Metadata-Version: 1.1
Name: WordEmbeddingLoader
Version: 0.2.1
Summary: Loaders and savers for different implentations of word embedding.
Home-page: https://github.com/koreyou/word_embedding_loader
Author: Yuta Koreeda
Author-email: secret-email@example.com
License: MIT
Description: .. -*- coding: utf-8; -*-
        
        Loaders and savers for different implentations of `word embedding <https://en.wikipedia.org/wiki/Word_embedding>`_. The motivation of this project is that it is cumbersome to write loaders for different pretrained word embedding files. This project provides a simple interface for loading pretrained word embedding files in different formats.
        
        .. code:: python
        
           from word_embedding_loader import WordEmbedding
        
           # it will automatically determine format from content
           wv = WordEmbedding.load('path/to/embedding.bin')
        
           # This project provides minimum interface for word embedding
           print wv.vectors[wv.vocab['is']]
        
           # Modify and save word embedding file with arbitrary format
           wv.save('path/to/save.txt', 'word2vec', binary=False)
        
        
        This project currently supports following formats:
        
        * `GloVe <https://nlp.stanford.edu/projects/glove/>`_, Global Vectors for Word Representation, by Jeffrey Pennington, Richard Socher, Christopher D. Manning from Stanford NLP group.
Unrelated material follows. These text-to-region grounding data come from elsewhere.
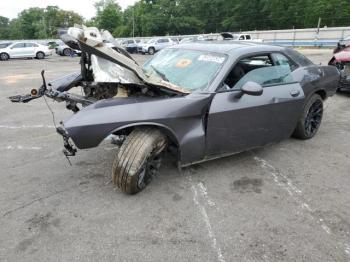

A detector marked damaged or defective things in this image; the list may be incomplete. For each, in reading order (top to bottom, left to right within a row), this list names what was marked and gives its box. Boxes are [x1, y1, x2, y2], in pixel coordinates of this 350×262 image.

damaged gray car [10, 26, 340, 194]
detached front tire [292, 93, 322, 140]
bent wheel [292, 93, 322, 140]
detached front tire [112, 128, 167, 193]
bent wheel [112, 128, 167, 193]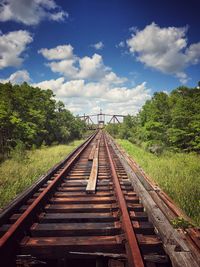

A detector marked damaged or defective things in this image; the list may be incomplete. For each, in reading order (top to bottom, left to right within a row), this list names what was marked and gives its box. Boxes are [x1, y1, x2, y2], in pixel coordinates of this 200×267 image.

rusty railroad track [0, 132, 199, 267]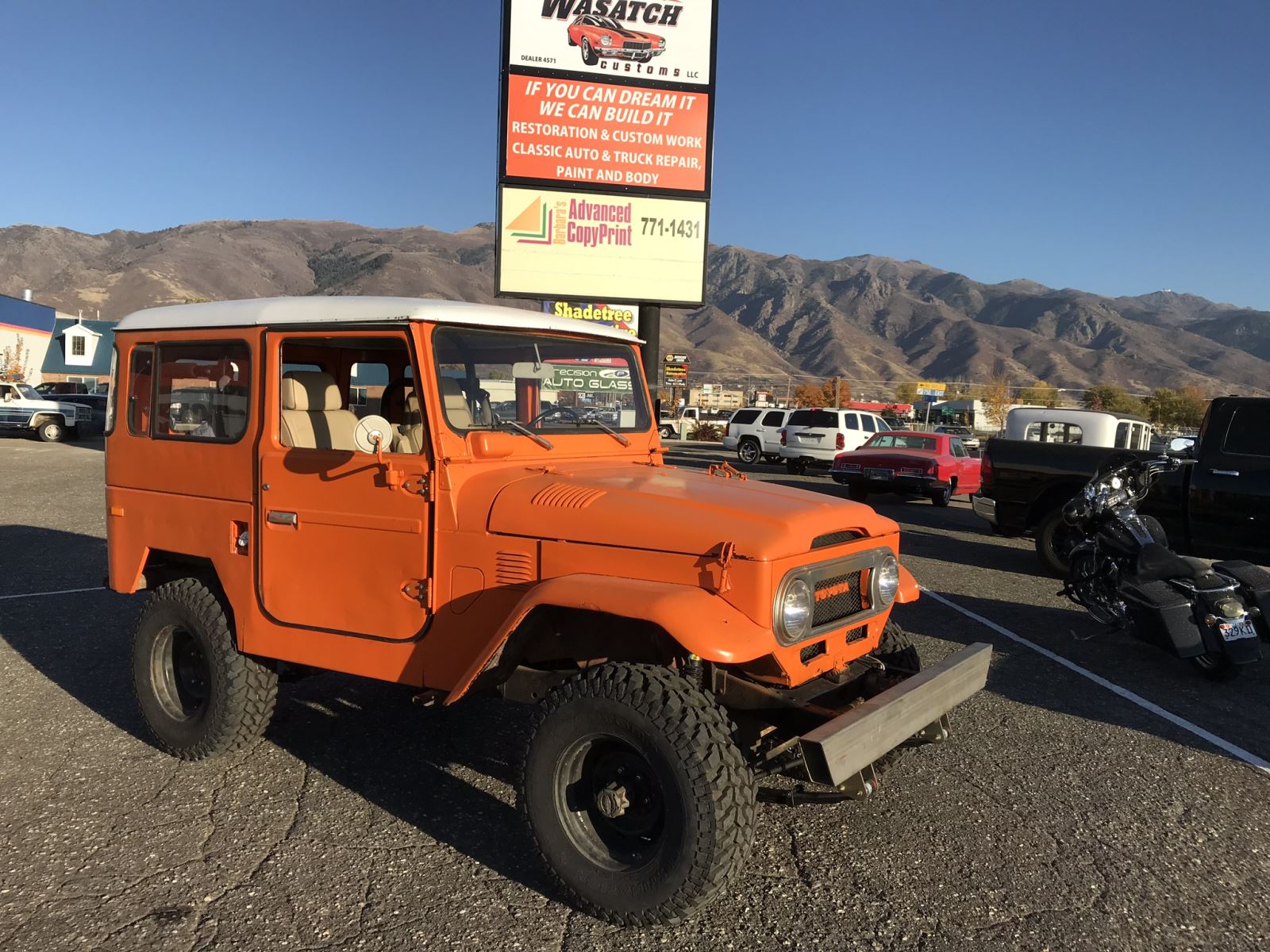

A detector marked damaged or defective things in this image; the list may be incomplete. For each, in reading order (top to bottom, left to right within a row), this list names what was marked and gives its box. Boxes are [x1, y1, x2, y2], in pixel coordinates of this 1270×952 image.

        * `word2vec <https://code.google.com/archive/p/word2vec/>`_, by Mikolov.
            - text (create with ``-binary 0`` option (the default))
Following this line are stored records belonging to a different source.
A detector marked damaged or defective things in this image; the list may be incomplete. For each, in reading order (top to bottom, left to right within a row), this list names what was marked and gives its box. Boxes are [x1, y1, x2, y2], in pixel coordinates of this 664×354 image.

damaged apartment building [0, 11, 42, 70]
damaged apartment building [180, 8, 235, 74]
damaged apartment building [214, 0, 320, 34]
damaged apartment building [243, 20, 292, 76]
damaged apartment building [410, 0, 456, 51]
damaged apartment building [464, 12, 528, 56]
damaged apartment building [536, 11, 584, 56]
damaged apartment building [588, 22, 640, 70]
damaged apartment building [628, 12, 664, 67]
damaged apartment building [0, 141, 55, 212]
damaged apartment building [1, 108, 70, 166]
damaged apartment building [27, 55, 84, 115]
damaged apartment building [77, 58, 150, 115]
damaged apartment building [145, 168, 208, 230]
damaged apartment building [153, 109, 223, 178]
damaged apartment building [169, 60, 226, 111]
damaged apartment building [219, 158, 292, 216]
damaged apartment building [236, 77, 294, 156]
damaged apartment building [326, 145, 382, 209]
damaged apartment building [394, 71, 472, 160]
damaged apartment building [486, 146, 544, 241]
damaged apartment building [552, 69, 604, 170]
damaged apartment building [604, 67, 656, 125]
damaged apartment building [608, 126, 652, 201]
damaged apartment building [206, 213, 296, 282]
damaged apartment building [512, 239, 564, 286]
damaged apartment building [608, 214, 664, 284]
            - binary (create with ``-binary 1`` option)
        * `gensim <https://radimrehurek.com/gensim/>`_ 's ``models.word2vec`` module (coming)
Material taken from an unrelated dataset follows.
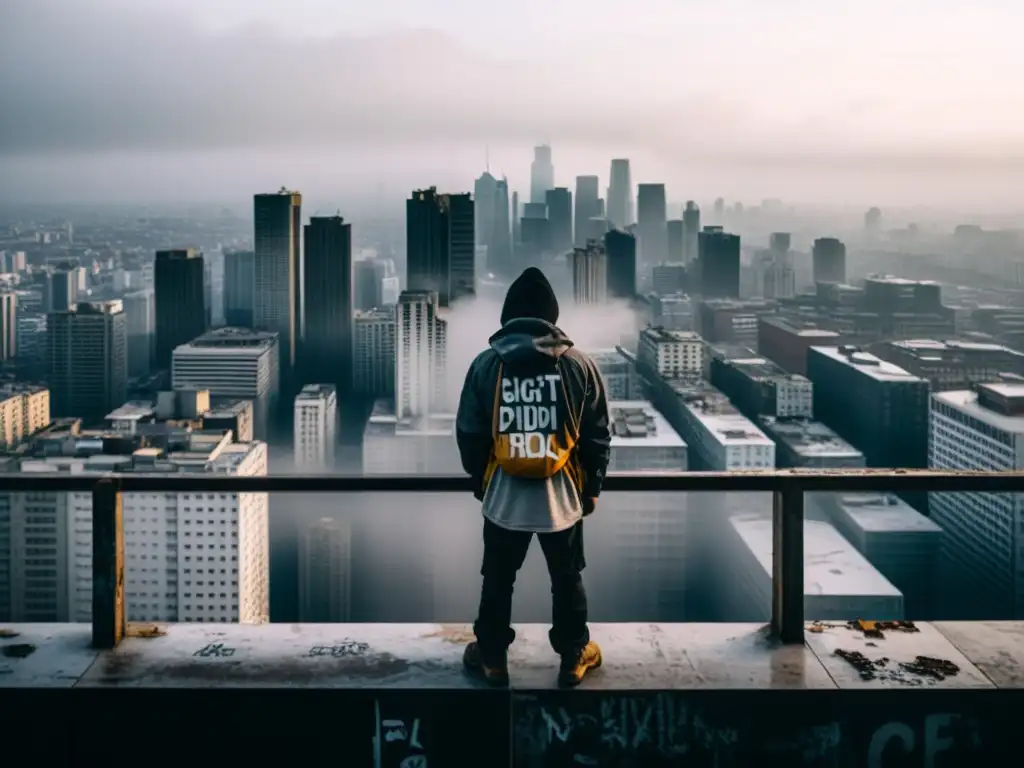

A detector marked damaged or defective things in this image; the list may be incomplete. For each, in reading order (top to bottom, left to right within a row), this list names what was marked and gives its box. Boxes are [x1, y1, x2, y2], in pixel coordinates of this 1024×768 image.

rusty railing post [93, 475, 125, 651]
rusted metal bracket [93, 479, 125, 651]
rusty railing post [770, 483, 802, 647]
rusted metal bracket [770, 487, 802, 643]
        * original HDFS format: a performance centric option for loading and saving word embedding (coming)
        
        
        Sometimes, you want combine an external program with word embedding file of your own choice. This project also provides a simple executable to convert a word embedding format to another.
        
        .. code:: bash
        
           # it will automatically determine the format from the content
           word-embedding-loader convert -t glove test/word_embedding_loader/word2vec.bin test.bin
        
           # Get help for command/subcommand
           word-embedding-loader --help
           word-embedding-loader convert --help
        
        Issues with encoding
        --------------------
        
        This project does decode vocab. It is up to users to determine and decode bytes.
        
        .. code:: python
        
            decoded_vocab = {k.decode('latin-1'): v for k, v in wv.vocab.iteritems()}
        
        
        .. notes::
        
           Encoding of pretrained word2vec is latin-1. Encoding of pretrained
           glove is utf-8
        
        
        Development
        ============
        
        This project us Cython to build some modules, so you need Cython for development.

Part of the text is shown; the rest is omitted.